Below are records; reproduce exactly the lines from the one that has "Jewelco London 18ct" through the one that has "RENE MAGRITTE, 'LOVERS'", ends included, and nothing more.

§ Source information
*-*-*

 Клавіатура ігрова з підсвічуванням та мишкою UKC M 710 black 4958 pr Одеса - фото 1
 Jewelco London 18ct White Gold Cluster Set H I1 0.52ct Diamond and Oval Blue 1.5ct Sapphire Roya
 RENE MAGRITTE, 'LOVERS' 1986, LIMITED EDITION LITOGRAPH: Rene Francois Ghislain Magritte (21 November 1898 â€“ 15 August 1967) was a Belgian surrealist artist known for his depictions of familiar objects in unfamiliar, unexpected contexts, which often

*-*-*

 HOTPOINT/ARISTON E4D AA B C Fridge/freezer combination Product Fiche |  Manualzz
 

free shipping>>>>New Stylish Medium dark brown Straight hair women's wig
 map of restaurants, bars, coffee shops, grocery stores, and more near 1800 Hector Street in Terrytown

*-*-*

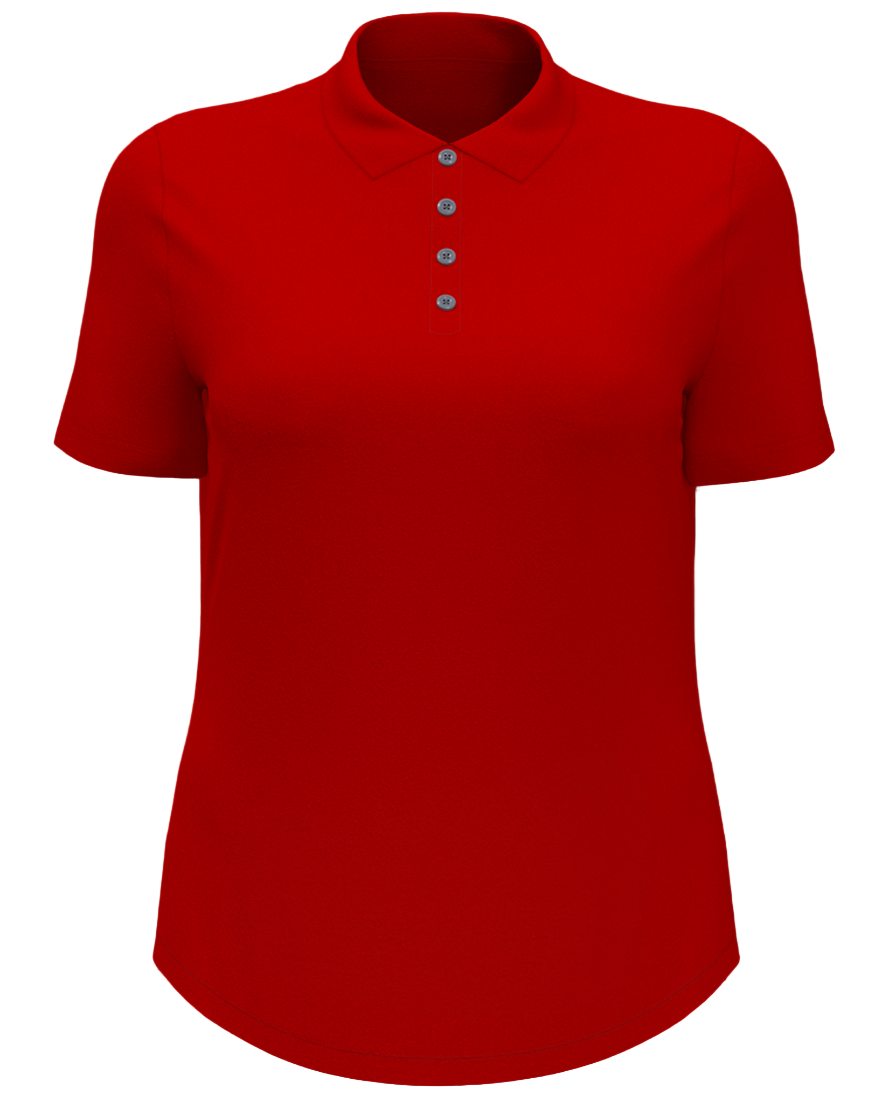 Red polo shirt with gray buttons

*-*-*

§ Answer for the task
 Jewelco London 18ct White Gold Cluster Set H I1 0.52ct Diamond and Oval Blue 1.5ct Sapphire Roya
 RENE MAGRITTE, 'LOVERS' 1986, LIMITED EDITION LITOGRAPH: Rene Francois Ghislain Magritte (21 November 1898 â€“ 15 August 1967) was a Belgian surrealist artist known for his depictions of familiar objects in unfamiliar, unexpected contexts, which often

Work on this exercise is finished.